Anthony Wilson, Writing Sample
In Capital Letters (ICL): What do you want remember about the program in 10 years?
That it was the nexus of my successful writing career.
ICL: From being part of the program and participating in workshops and the Visiting Writers series, what do you think are the most important things you have learned about your own writing? How has your writing changed?
I've learned that looking inside myself isn't enough. The details of the room are just as important as the emotions inside my characters.
ICL: What is your favorite quote or line from a book?
"I saw that my life was a vast glowing empty page and I could do anything I wanted." from "Dharma Bums" by Jack Kerouac
ICL: What have you read most recently that inspired you?
Specifically, an article titled, "A Day's Sail" by Sergio De La Pava, in which he miraculously weaves together a narrative incorporating Virginia Woolf, a Micky Ward-Arturo Gatti boxing match, and the experiences of childhood cancer patients. It was mesmerizing. In general, though, everything I read inspires me.
ICL: Tell us something about yourself that most people don’t know.
I tried out for the Atlanta Braves when I was a senior in college. I didn't make it.
ICL: If your life had a theme song right now, what would it be?
"Expo '86" by Death Cab for Cutie:
"Sometimes it seems that I don't have the skills to recollect
The twists and turns of plots that turned us from lovers to friends
I'm thinking I should take that volume back up off the shelf
And crack its weary spine and read to help remind myself"
I stood alone outside the circle, motionless. I could smell the combination of cold air, burned leaves and cigarette smoke. I took a step forward to the circle, but was shoved aside by an older boy straining his neck to see over the pack. At my level, I could see over most of the other kids. I could step in and do … something. Anything. But I was still frozen, knowing that stepping in would mean my own beating, would mean being lumped in with Charlie and suffering the same fate, day after day. I knew I could put my reputation on the line, hoping that the boys who liked me would help me out, but that was risky. Even if I was bigger than most of the other boys in my class, I couldn’t withstand a group assault. I knew I wanted to do something, but I also felt the weight of consequence, which I thought then would last a lifetime.

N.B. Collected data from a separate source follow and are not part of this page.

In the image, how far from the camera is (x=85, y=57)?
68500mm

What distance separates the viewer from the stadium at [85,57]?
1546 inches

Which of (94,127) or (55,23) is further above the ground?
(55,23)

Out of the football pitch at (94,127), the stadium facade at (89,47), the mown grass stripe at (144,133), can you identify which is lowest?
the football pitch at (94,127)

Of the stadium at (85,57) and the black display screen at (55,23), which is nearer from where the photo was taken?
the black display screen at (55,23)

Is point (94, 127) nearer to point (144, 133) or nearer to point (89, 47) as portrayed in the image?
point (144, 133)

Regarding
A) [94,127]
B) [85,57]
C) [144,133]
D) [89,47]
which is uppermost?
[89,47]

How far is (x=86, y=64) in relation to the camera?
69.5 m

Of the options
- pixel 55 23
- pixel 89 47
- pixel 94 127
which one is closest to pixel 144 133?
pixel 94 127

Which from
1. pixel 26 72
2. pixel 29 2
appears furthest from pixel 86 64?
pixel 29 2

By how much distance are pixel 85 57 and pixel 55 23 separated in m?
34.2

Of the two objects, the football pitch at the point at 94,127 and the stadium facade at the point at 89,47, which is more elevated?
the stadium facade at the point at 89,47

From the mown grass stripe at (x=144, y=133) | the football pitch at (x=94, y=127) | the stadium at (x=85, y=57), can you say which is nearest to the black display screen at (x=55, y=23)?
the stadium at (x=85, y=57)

Charlie suffered that night. He went home with a bloody nose, a fat lip and a host of other bruises, but the worst injury was to his ego. He finally stood up for himself, and it didn’t matter. He got beaten down anyway.

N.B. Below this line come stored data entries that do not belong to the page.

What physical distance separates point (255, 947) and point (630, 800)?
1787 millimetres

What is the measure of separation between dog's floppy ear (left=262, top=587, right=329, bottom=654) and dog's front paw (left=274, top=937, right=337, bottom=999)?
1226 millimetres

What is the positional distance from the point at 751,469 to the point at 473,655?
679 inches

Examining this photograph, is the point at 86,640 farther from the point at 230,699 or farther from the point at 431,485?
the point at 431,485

Charlie transferred schools soon afterward, and I didn’t see him again until at least 15 years later. I was visiting my parents for Christmas, and I stopped at the grocery store to pick up some things for Mom. A stooped man ahead of me was holding up the line, taking his time scribbling out a check. When he looked up, I saw that it was Charlie. He looked older than his 30-some years. He was balding, and his face was pock-marked. He looked tired, like he had been carrying a very heavy stone for a long, long time. I started to say hello, but I stopped myself. I thought that he might not want to be reminded of his past.
I often think about that night when I’m driving in my car, alone. I think about it when I see high school football scores in the paper. I think about it whenever the first frost hits, when I step outside before I realize the temperature and the cold hits me in the face. Sometimes I turn the air conditioning on while I’m driving in my car, just to capture a hint of the chill I’d feel standing beneath the bleachers. It's the weight of that night with Charlie, and the weight of all my other missed opportunities, that holds me down, pins me to the wall in a time of action, sinks inside me in the form of nausea. If only I could have been more courageous. I deserve the cold chill, and I give it to myself.